As I mentions, custom made fantasy cards have become increasingly popular. Often sold through art and craft marketplaces, these can be a bit of fun when clearly a new custom made card (ignoring potential legal issues). However the lines can blur between a clearly custom made card and attempt at counterfeiting while maintaining a level of innocence (‘even though it looks just like the original its not a counterfeit its a custom…’).

Disappointingly, some of these online listings of fake/fantasy cards can turn up as the number one ranked search result in Google in some cases.

Recent call-out by Steve Taft

Let me illustrate a recent over-hype of a fantasy card which could build a sense of urgency and rarity.

Recently a card titled ‘1984-85 Star #101 Michael Jordan BLACK BORDER pre-rookie HOLY GRAIL card’ was listed for sale on eBay and advertised as ‘THEE ONLY ONE ON ebay WORLDWIDE’ (sic).

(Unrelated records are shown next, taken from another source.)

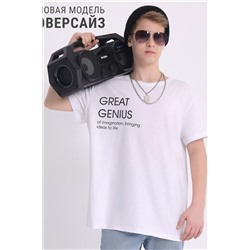 Футболка АПРЕЛЬ #977591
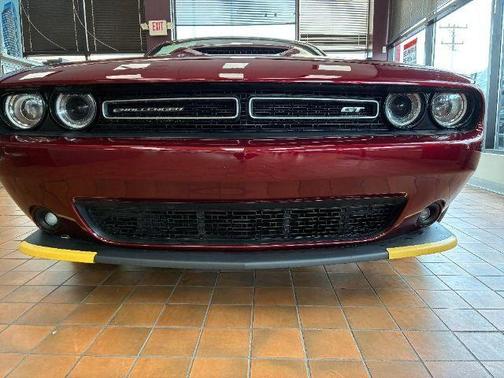 2019 Dodge Challenger GT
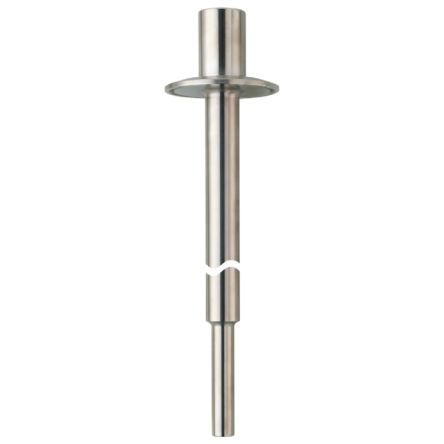 ifm electronic, E379 Series Thermowell for Use with Temperature Sensors [E37950]; 186-304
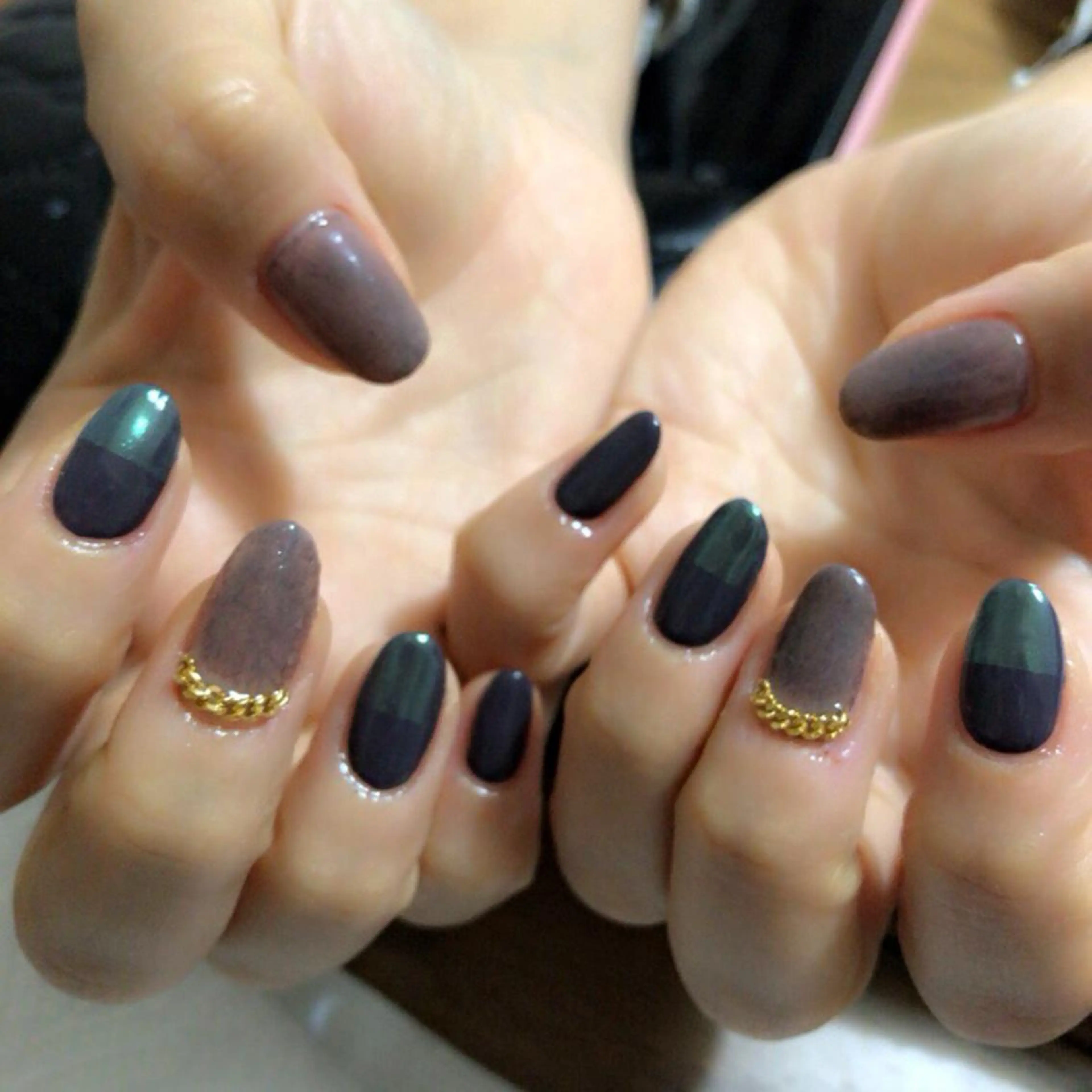 ネイル エステティックサロン Liente(リアンテ）所属・Hashimoto .のエステ・リラクイメージ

The description hyped the card even though it had been denied grading by BGS. In the description the seller even went as far as insinuating that BGS determining its ‘service unavailable’ (as opposed to ‘questionable authenticity’) meant the card may be real. BGS won’t assess a fantasy card as ‘questionable authenticity’ as its not actually faking anything.

Additionally, there was a promise that ‘should it unfold in the future that the card was actually kosher all along… you’re literally looking at a million dollar + card’. Oddly this comes slightly after mentioning ’… the card may not have been officially licensed’.

A copy and paste from another seller with a similar card contains statements like ‘I know next to nothing about this card set…’, ‘I was told they were 100% authentic… but have no way of validating…‘.

This listing included a good percentage of the red flags which I’ve listed above and ended at a sale price of $1,264.

Well-known Star Co expert Steve Taft called out the sale on his Facebook page as an urge to the buyer to cancel the transaction as well as education for those following along. As an expert in the field, he knows the card to be a fantasy print as BGS had already stated in their assessment.

What can you do about the tactics listed here?

Pause, carefully review and research. In the case above the seller did supply the information that BGS denied grading the card in the listing. Carefully considering that information - its the largest red flag possible when an independent expert declares a card fake - is the best course of action.

Research - reaching out to experts such as those that may be members of social media groups (eg 1983-86 Star Co or 1986 Fleer Basketball) might help if you’re not able to turn anything reputable up online. In the case listed here, though, no research was needed as BGS had already assessed it as a fantasy card.

I hope to do just that with some of these articles - speak with experts. Hopefully this becomes a useful resource over time.

Overall, go with your gut - any hype or ‘deal’ is usually worth a pass.